Almost immediately after the restart, the Tigers made a super chance to level up. Bullard's exquisite ball allowed Altidore to release Garcia on the corner of the six yard box. The Australian lifted the ball gaily over Given but Joleon Lescott managed to scramble back and thwack the ball off the line. As close as close could get.

Duke batted out another distant Wright-Phillips shot and Bullard hit one just wide from the edge of the are as the two teams traded chances without coming as close to scoring again. Brown freshened things up by bringing on Boateng for Marney while Nick Barmby replaced Geovanni. Boateng's brand of expert screening in the deep midfiled role gave Hunt, Garcia and Bullard extra licence to attack as the Tigers sought the reward their endeavour had deserved.

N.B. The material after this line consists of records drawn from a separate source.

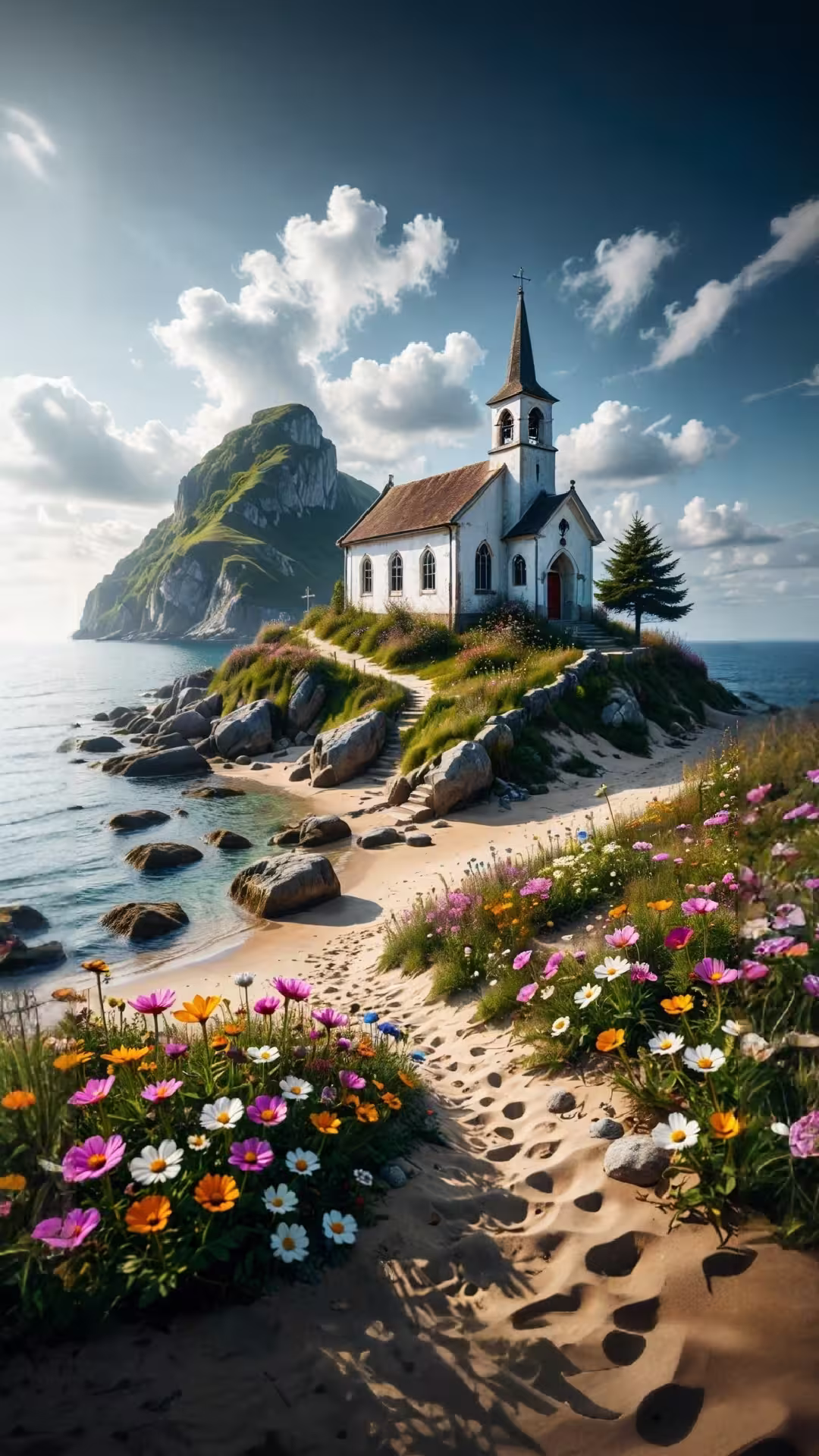 Scenic beach church sunset wallpaper 4K: a white chapel on a flowery cliff overlooking the ocean and a mountain.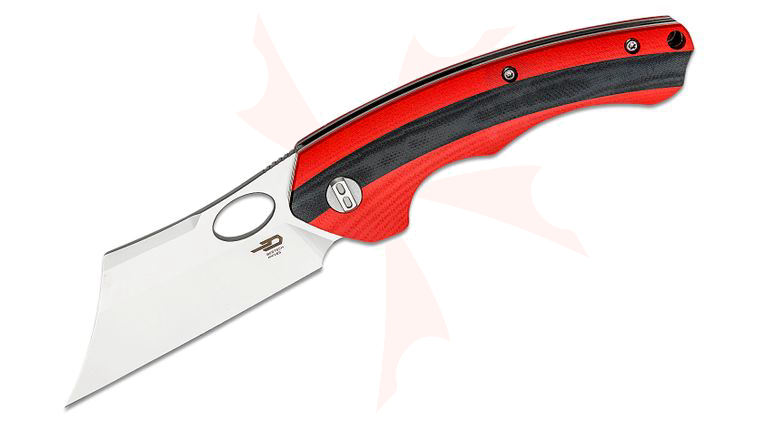 Bestech Knives Skirmish Flipper Knife 3.23 inch D2 Satin Modified Cleaver Blade, Red/Black G10 Handles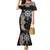 Hawaii and Philippines Together Family Matching Mermaid Dress and Hawaiian Shirt Hibiscus Flower and Sun Badge Polynesian Pattern Grayscale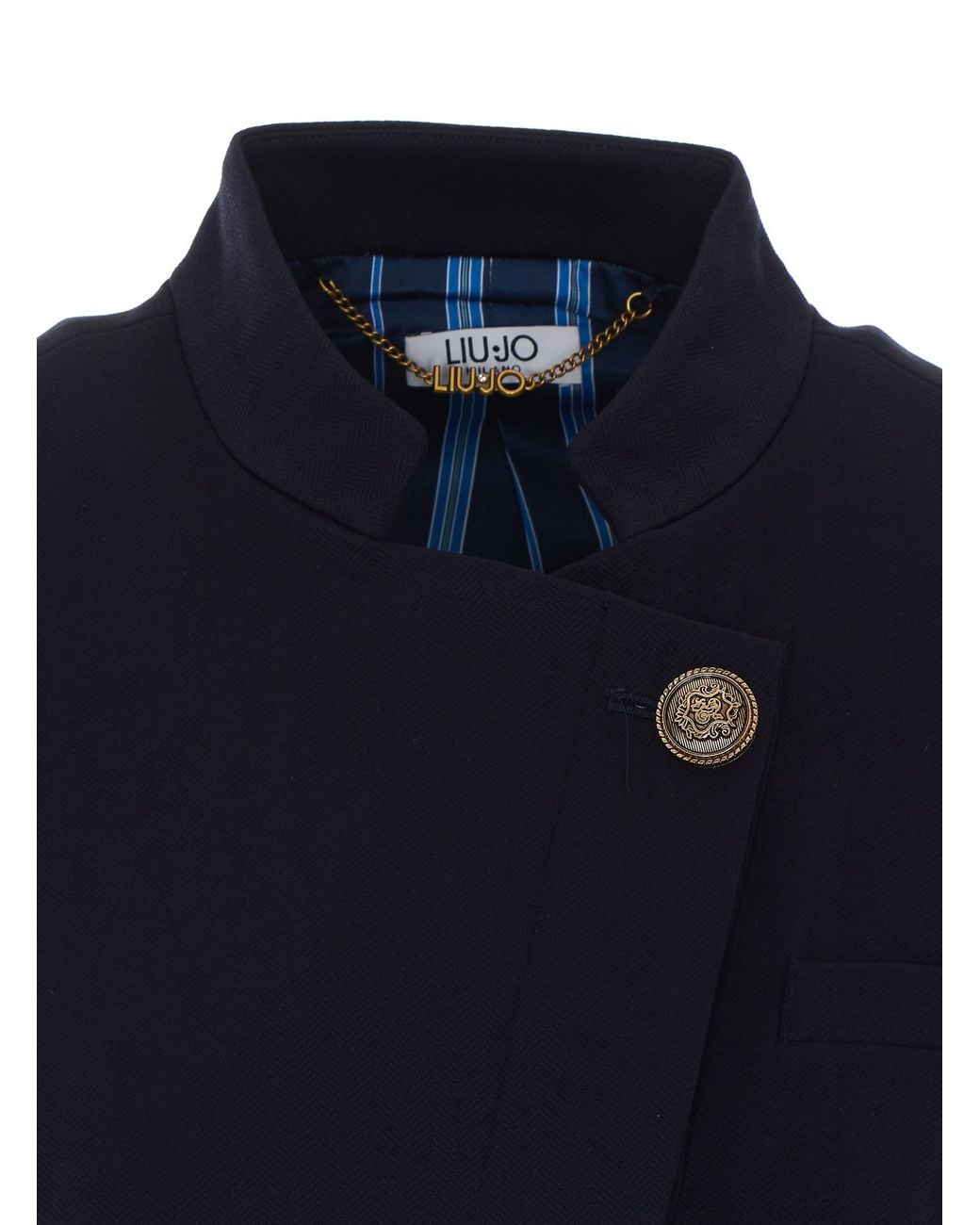 Liu Jo Blue Asymmetric Knit-Sleeve Jacket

Robinho missed two chances, the first a free kick which went a long way wide and then another from similar distance in open play, and with an identical result. Altidore, honest but limited on this occasion, withdrew for the more immobile but more aware Vennegoor of Hesselink, and soon the Dutchman had won the penalty that earned Bullard a goal, the Tigers a deserved equaliser and, through the players' collective reaction, a spot of closure for the club and manager.

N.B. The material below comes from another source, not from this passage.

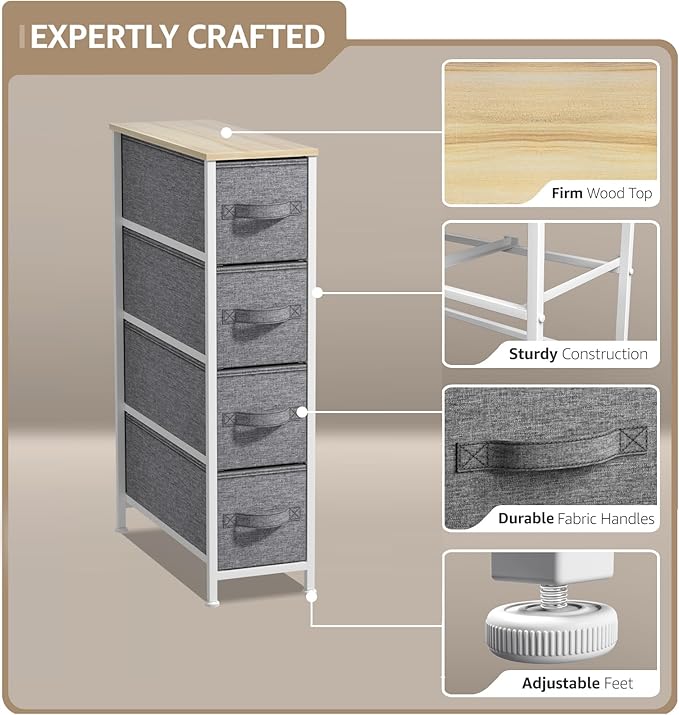 Sorbus Narrow Dresser with 4 Drawers - Vertical Slim Storage Chest of Drawers with Steel Frame, Wood Top & Easy Pull Fabric Bins for Small Spaces, Closets, Bedroom, Bathroom & Laundry (Beige)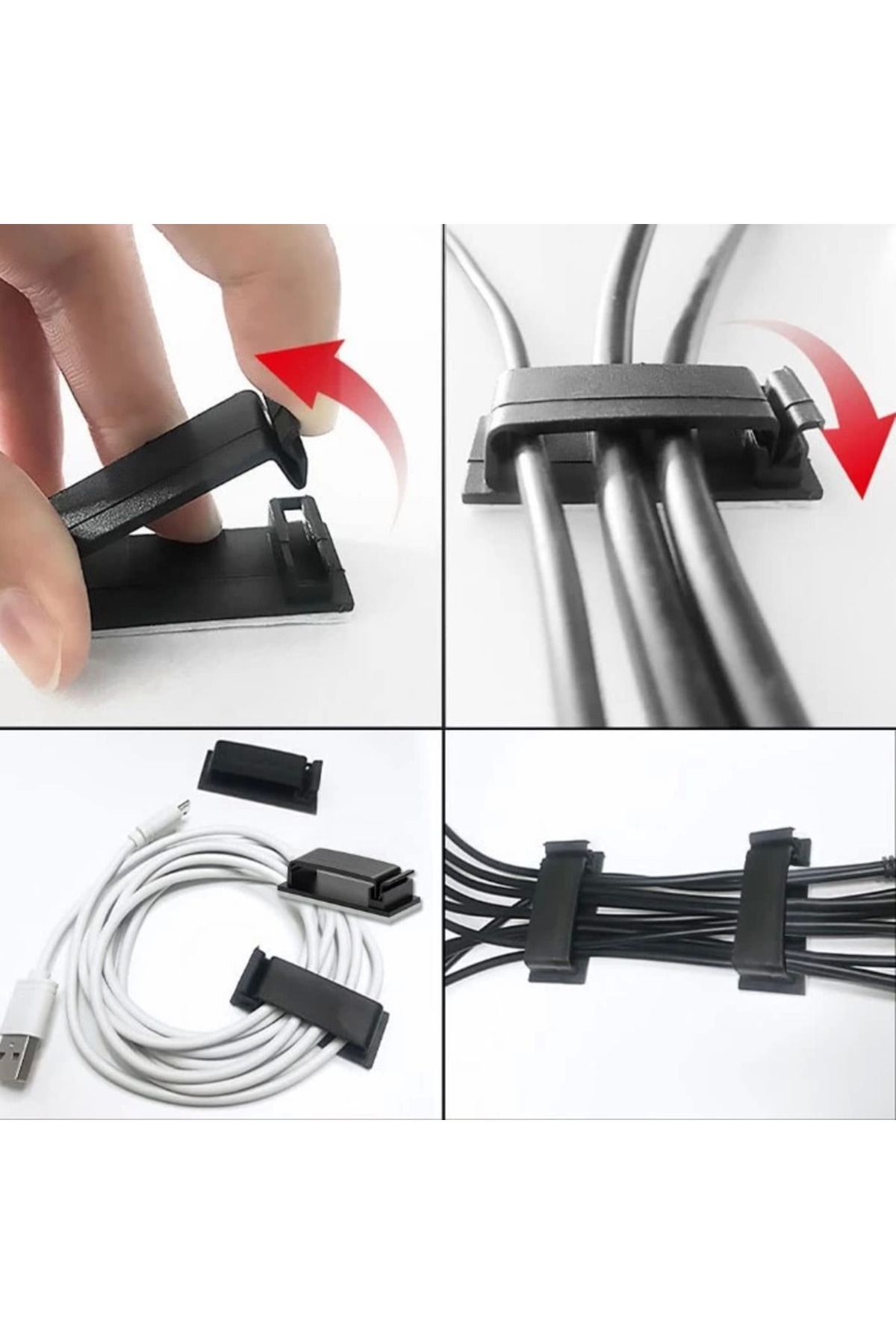 Epilons Pratik Yapışkanlı Kablo Düzenleyici Klips 4lü Set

There were eight minutes left and, frankly, the Tigers seemed happy to end the game there and take a point. The defence still had work to do, however, as the home side suddenly rediscovered their urgency, but couldn't capture any real bond within their team at all. It doesn't exist. They are individuals and the spirit at Manchester City needs to improve if their ambitions for the game's highest honours are ever to be reached.

Four minutes of injury time passed by nonchalantly and the Tigers took a terrific point. Something similar at Aston Villa next week is now eminently possible. It is fun, interesting and a laugh a minute being a Hull City supporter right now. Those three factors cannot be attributed to being a Manchester City supporter though. Money doesn't buy you everything. And a goal celebration like that led by Bullard is beyond priceless.

Manchester City: Given, Richards, Touré, Lescott, Bridge, De Jong, Ireland, Wright-Phillips, Robinho (Bellamy 75), Adebayor (Santa Cruz 67), Tevez. Subs not used: Taylor, Onuoha, Johnson, Kompany, Weiss.

Hull City: Duke, McShane, Zayatte, Gardner, Dawson, Marney (Boateng 61), Bullard, Hunt, Garcia, Geovanni (Barmby 62), Altidore (Vennegoor of Hesselink 73). Subs not used: Myhill, Mouyokolo, Kilbane, Ghilas.